After calculating the profit generated from each stock and the weight of stock, we generate the profit and loss by subtracting the short positions from the long positions. Repeating this process for each day and calculating the cumulative sum, we obtain a final profit and loss for our strategy generated by each model. \newline
Results and Further Analysis
1. Out-of-Sample Performance
The model predictions are assessed on the validation set. With a base rate of 49.9%, table 1 shows the misclassification rates and the top 1000 scores of the candidate model predictions. The misclassification rate captures the prediction error on the validation set, while the top 1000 score captures the success rate of the top 1000 predicted posterior probability. Figure 1 (left) shows the receiver operating characteristic curves of cross-sectional prediction using the same set of models. Figure 1 (right) shows the ROC result of the robustness check of the data and model performances on the in-period return predictions.
Model | Misclassification Rate | Top 1000 Rate |
---|---|---|
Logistic Lasso | 47.98% | 60.40% |
Linear Discriminant Analysis | 47.89% | 65.01% |
Quadratic Discriminant Analysis | 50.30% | 85.97% |
Random Forest | 48.21% | 54.05% |
XGBoost | 48.93% | 52.40% |
Table 1. metrics for classification models
With an almost 0% misclassification rate and ideal ROC curves, we can ensure that the constructed features have high explanatory power of in-period returns. However, the models do not generalize well, leaving us very different results from the deep learning framework of the original paper. All misclassification rates are not significantly different from the base rate; regarding the top 1000 rate, tree-based models (random forest and XGBoost) in fact have worse performance than more fundamental ones.
Figure 1: ROC curves for cross-sectional predictions (left) and in-period predictions (right) by each model
Zooming in, we find that the Quadratic Discriminant Analysis achieved a relatively high Top 1000 score despite its mediocre performance on other metrics. Figure 2 shows the predicted posterior probability distribution of the QDA model. The distribution signifies the fact that without an assumption of the class distributions, QDA is able to capture the tail probability relatively well, i.e. allocates higher posterior probabilities on edges and results in the high Top 1000 Sucess rate.
Figure 2. distribution of posterior probabilities by QDA model
2. WFA results
We re-examine the ROC curve, misclassification rate, and top 1000 score after applying WFA on random forest. The improvement is not significantly different from not applying WFA, but the results showed clearer patterns for further analysis.

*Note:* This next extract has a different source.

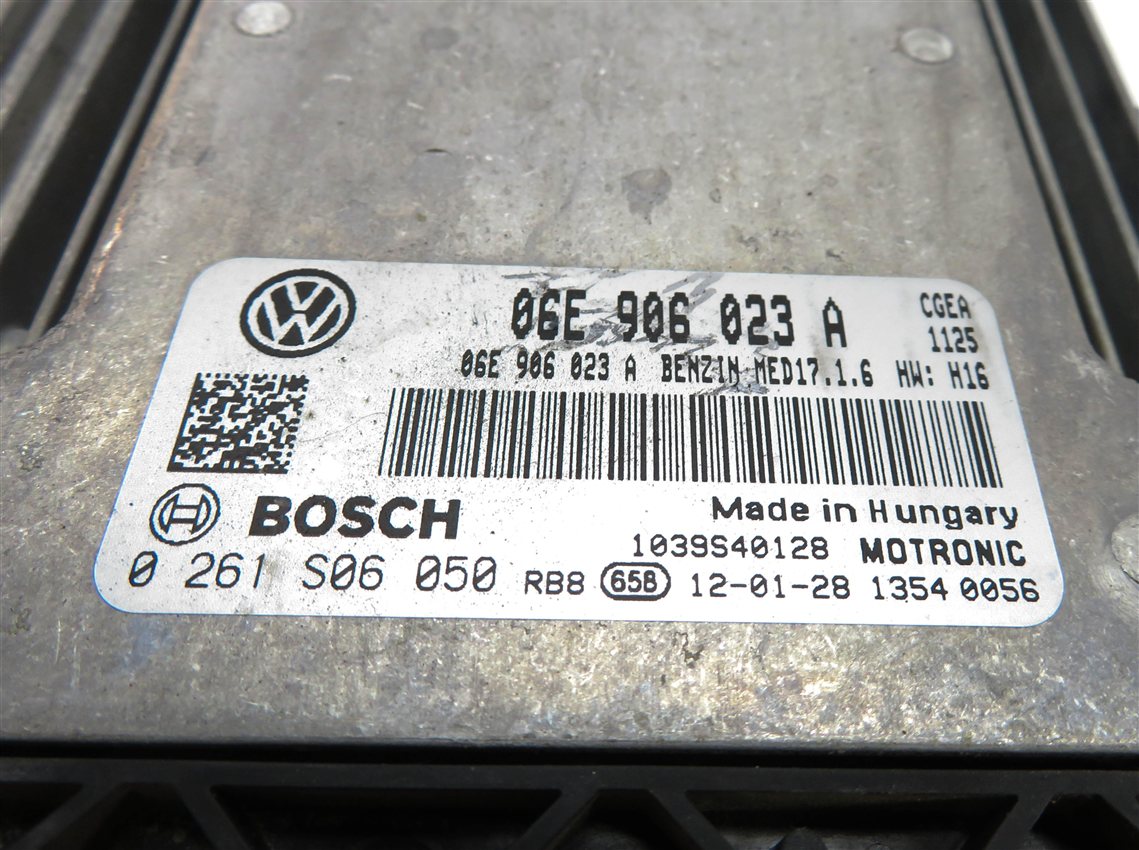 Thumbnail 13: 11-18 PORSCHE CAYENNE HYBRID (958) 3.0L M06 ECM BCM IMMOBILIZER MODULE KEY SET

Figure 3. distribution of posterior probabilities by Random Forest model
Figure 4. Partial Dependence Plots for features Momentum2 and Beta10
The posterior probability distribution plot showed that the random forest made a separation between two classes. The distribution of class 0’s posterior probability is shifted left.
The partial dependence plots (Figure 4) from random forest also showed some discovery. We picked a representative for each kind of feature, momentum, alpha, beta, and market return. Alpha had no contribution to the distinguishing process. But the classification showed threshold behaviors with respect to momentum, beta, and market return.
We then go back and draw boxplots to identify if there is a relationship between X and Y. Most of the plots showed that some features can provide tiny predictability (full set of graphs in the appendix). For instance, the momentum box plot (Figure 5) indicates a mean reversion effect, i.e. low momentum in the past, high return in the future. Class 1 observations are generally shifted downward compared with class 0 observations, and they were detected by our models.
Figure 5. boxplot of feature momentum1 in two response classes
In general, WFA moderately addresses non-stationary issues and provides insights on the model’s performances. Random forest model didn’t fail, it achieved some separation in the data, but the separation is not enough for good classification performance.
3. Backtesting Strategy Performance
Following the backtesting strategy described in section 2.4, we generate a plot of the PnL curve of the combination of long and short strategies for each model. Aside from the curves for the four strategies generated by machine learning models, we also include the PnL curve for S&P 500 index as a benchmark.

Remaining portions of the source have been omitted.